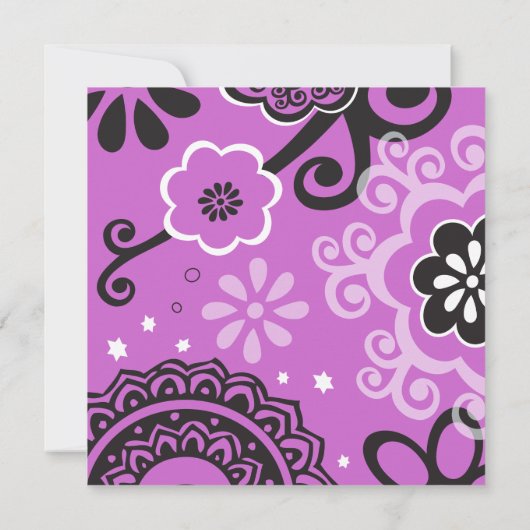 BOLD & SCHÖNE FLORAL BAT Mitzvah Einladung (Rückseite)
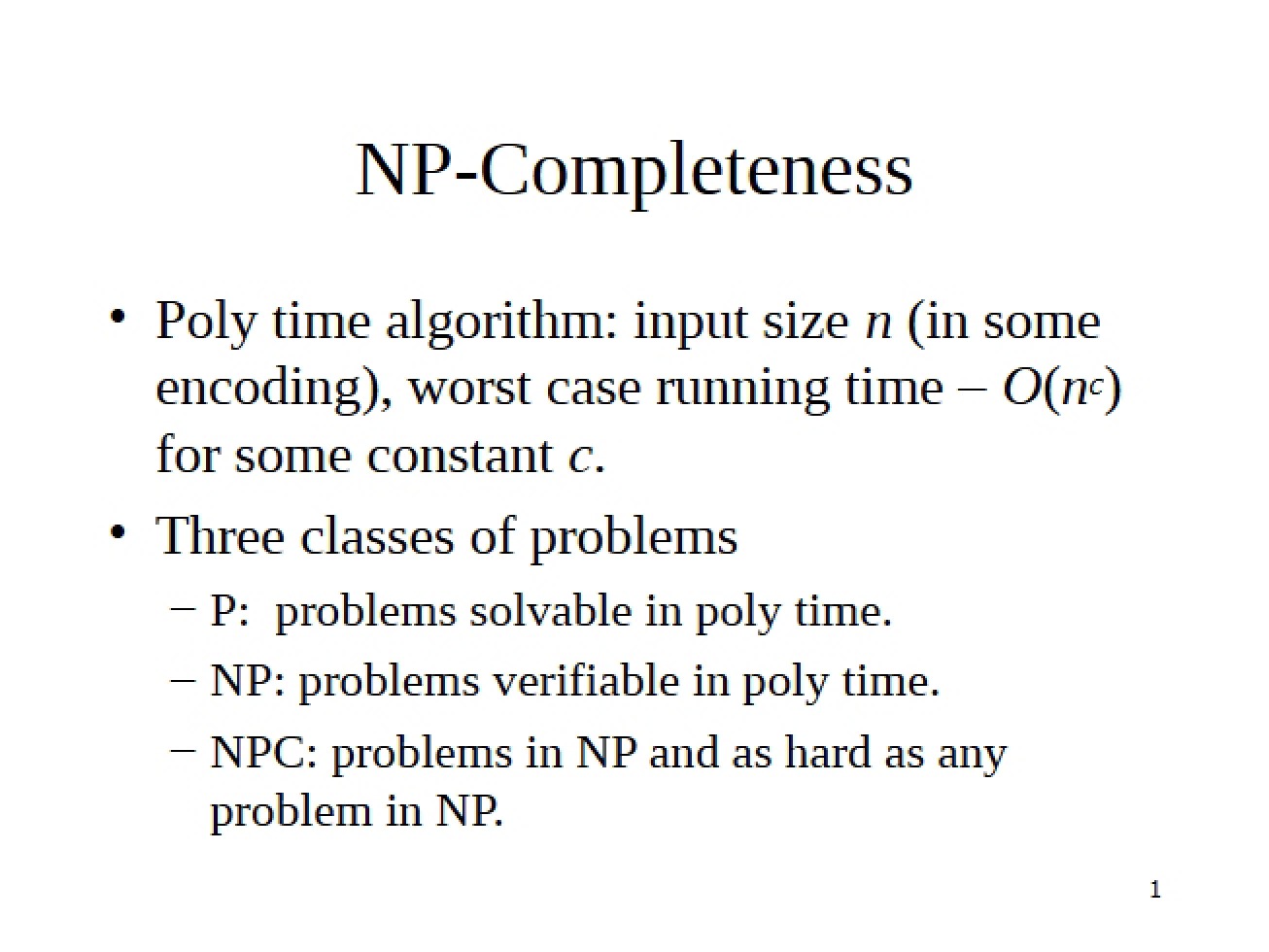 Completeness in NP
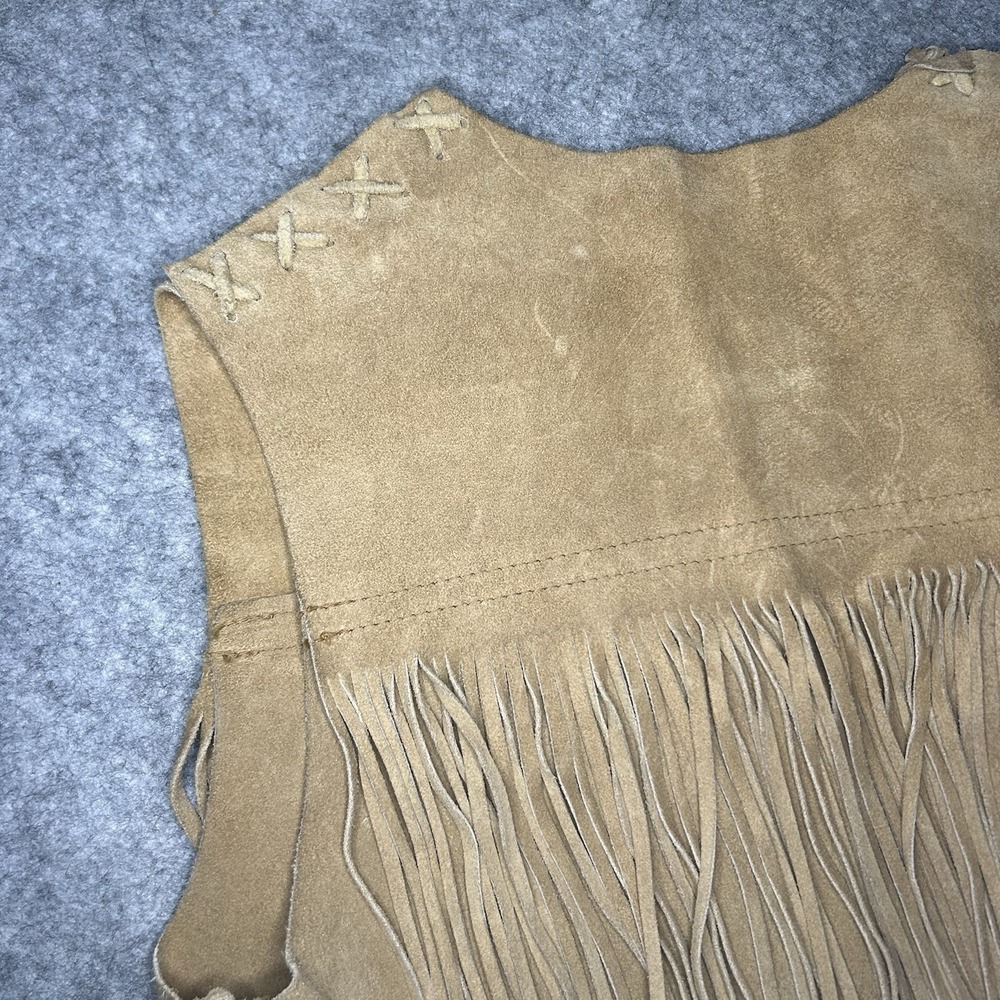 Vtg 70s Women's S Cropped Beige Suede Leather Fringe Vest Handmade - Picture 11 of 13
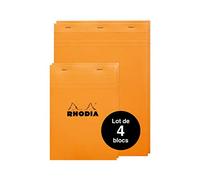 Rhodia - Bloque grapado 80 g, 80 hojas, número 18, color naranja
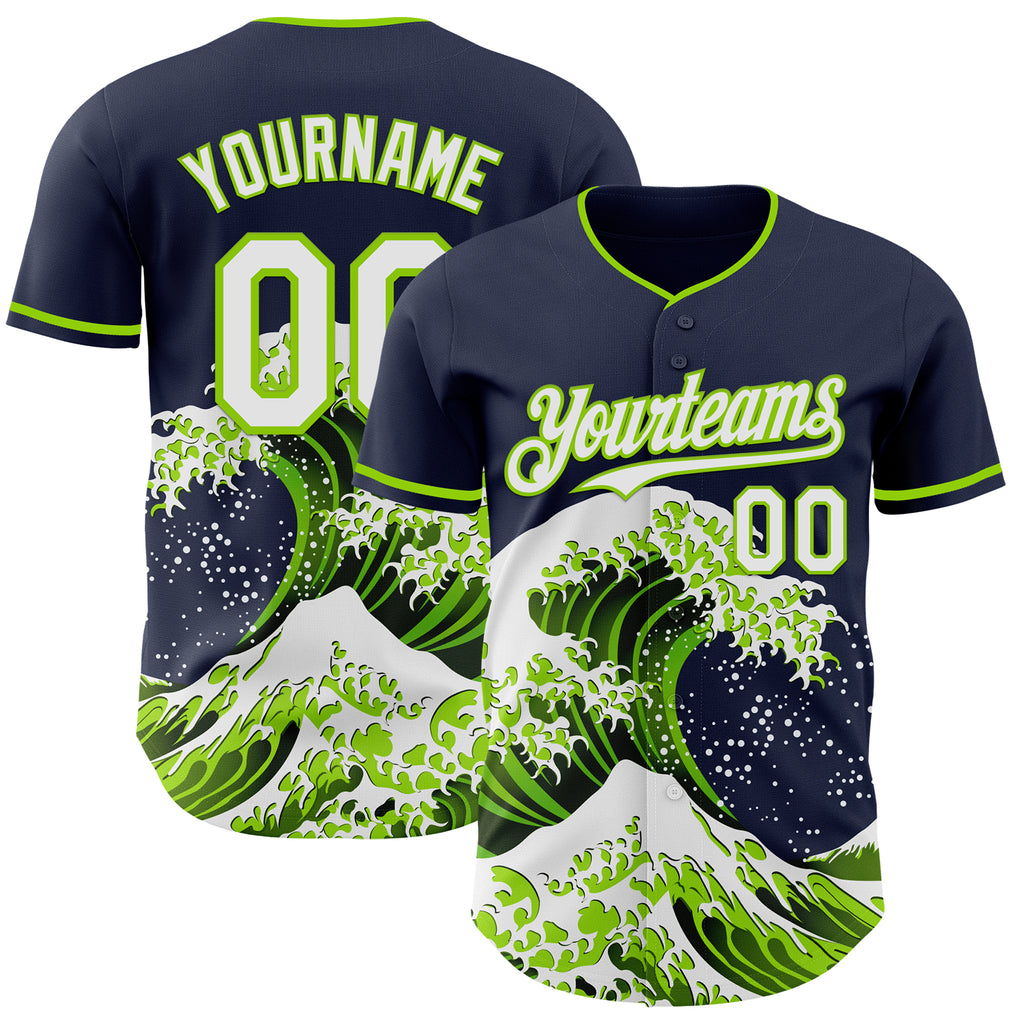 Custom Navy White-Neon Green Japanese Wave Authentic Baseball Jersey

> _What the exercise asks_
The whole listing above must be set down again exactly, but without its images.

> _Result of this exercise_
 BOLD & SCHÖNE FLORAL BAT Mitzvah Einladung (Rückseite)
 Completeness in NP
 Vtg 70s Women's S Cropped Beige Suede Leather Fringe Vest Handmade - Picture 11 of 13
 Rhodia - Bloque grapado 80 g, 80 hojas, número 18, color naranja
 Custom Navy White-Neon Green Japanese Wave Authentic Baseball Jersey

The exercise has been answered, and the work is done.